═══ Provided information ═══

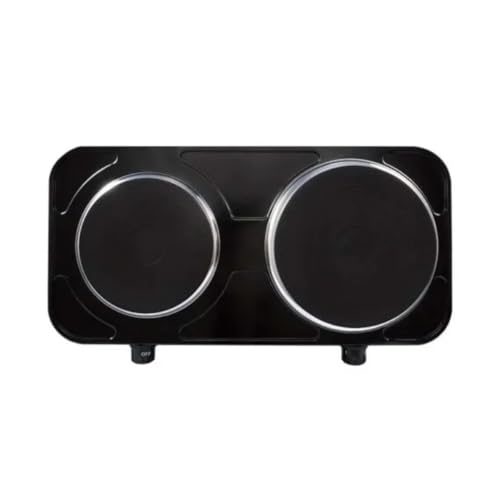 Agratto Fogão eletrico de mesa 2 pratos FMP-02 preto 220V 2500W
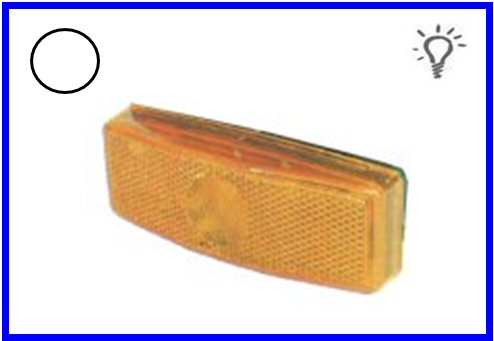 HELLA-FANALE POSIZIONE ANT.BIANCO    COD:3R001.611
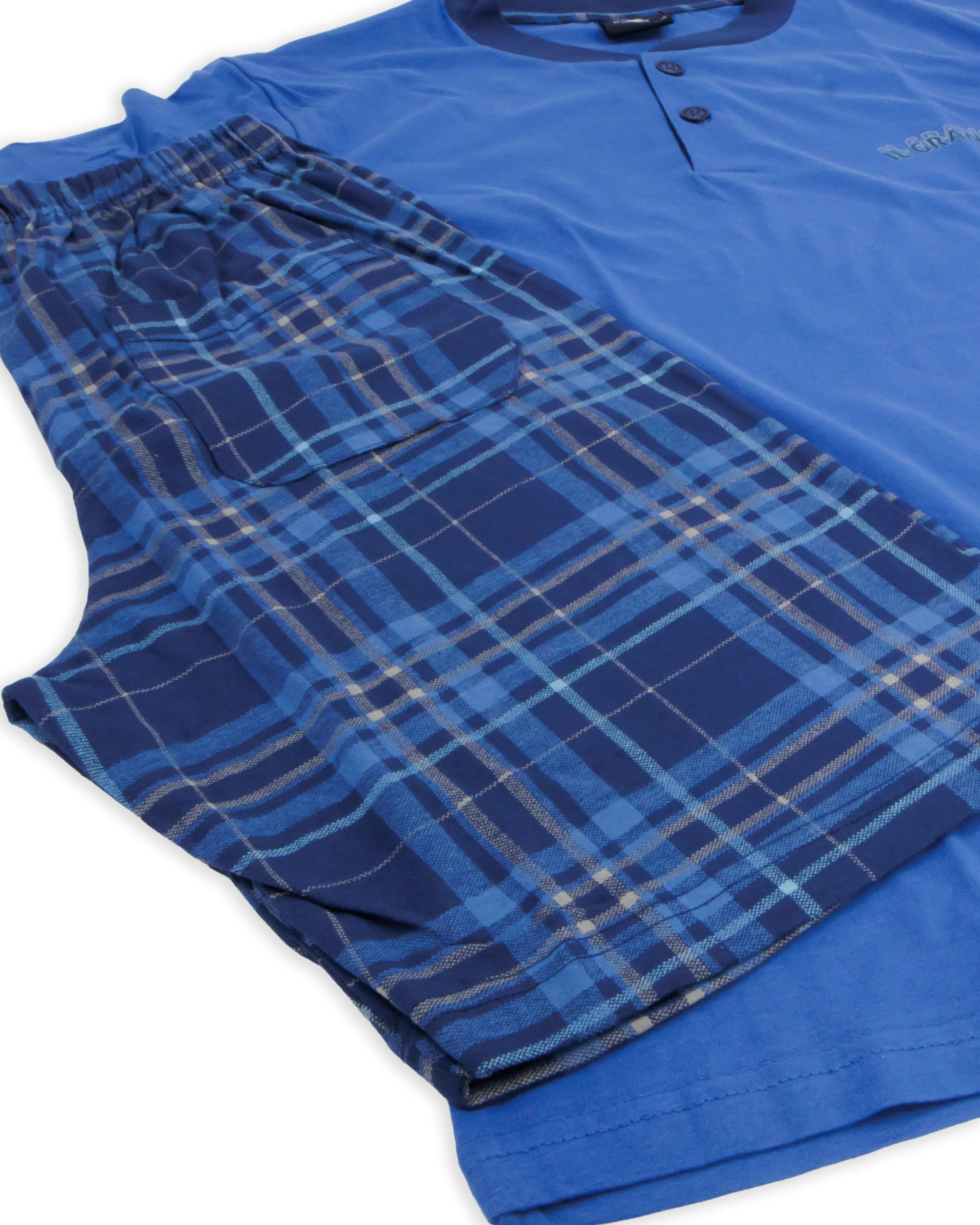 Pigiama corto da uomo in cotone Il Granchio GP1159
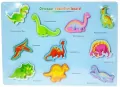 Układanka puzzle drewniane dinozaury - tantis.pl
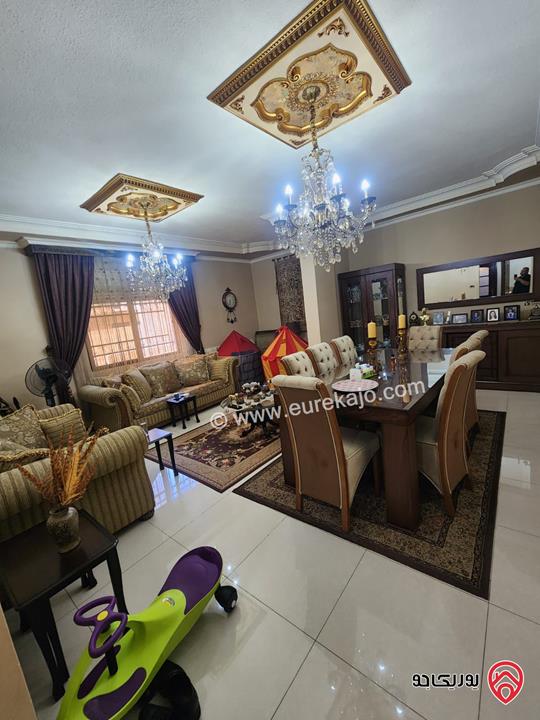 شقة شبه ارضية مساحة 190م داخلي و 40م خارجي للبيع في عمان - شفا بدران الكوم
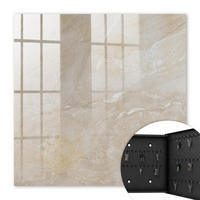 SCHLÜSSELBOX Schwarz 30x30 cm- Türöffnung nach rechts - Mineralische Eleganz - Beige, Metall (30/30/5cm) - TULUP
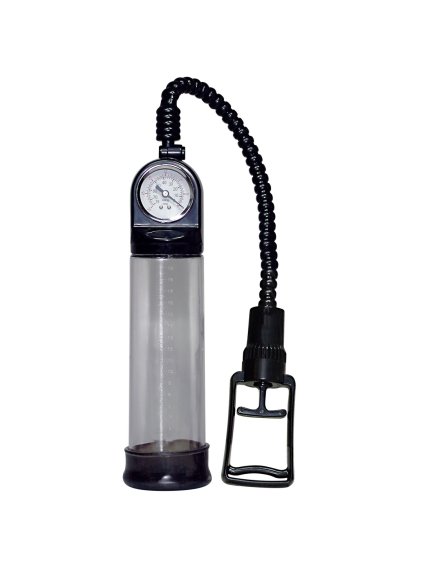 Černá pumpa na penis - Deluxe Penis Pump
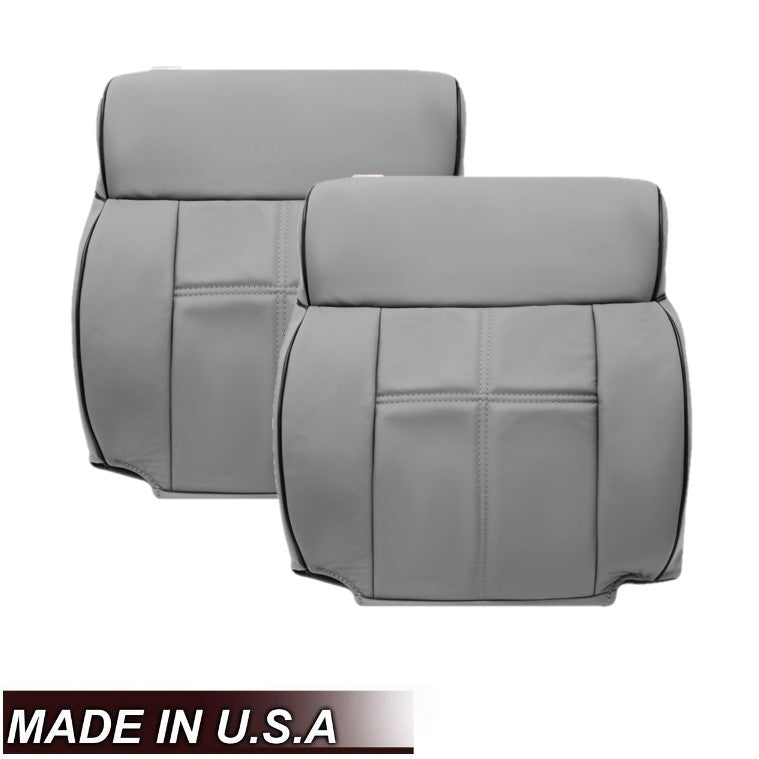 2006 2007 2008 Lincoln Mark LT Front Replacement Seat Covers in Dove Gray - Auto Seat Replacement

═══

Copy out every line of the material above exactly, skipping the pictures.

 Agratto Fogão eletrico de mesa 2 pratos FMP-02 preto 220V 2500W
 HELLA-FANALE POSIZIONE ANT.BIANCO    COD:3R001.611
 Pigiama corto da uomo in cotone Il Granchio GP1159
 Układanka puzzle drewniane dinozaury - tantis.pl
 شقة شبه ارضية مساحة 190م داخلي و 40م خارجي للبيع في عمان - شفا بدران الكوم
 SCHLÜSSELBOX Schwarz 30x30 cm- Türöffnung nach rechts - Mineralische Eleganz - Beige, Metall (30/30/5cm) - TULUP
 Černá pumpa na penis - Deluxe Penis Pump
 2006 2007 2008 Lincoln Mark LT Front Replacement Seat Covers in Dove Gray - Auto Seat Replacement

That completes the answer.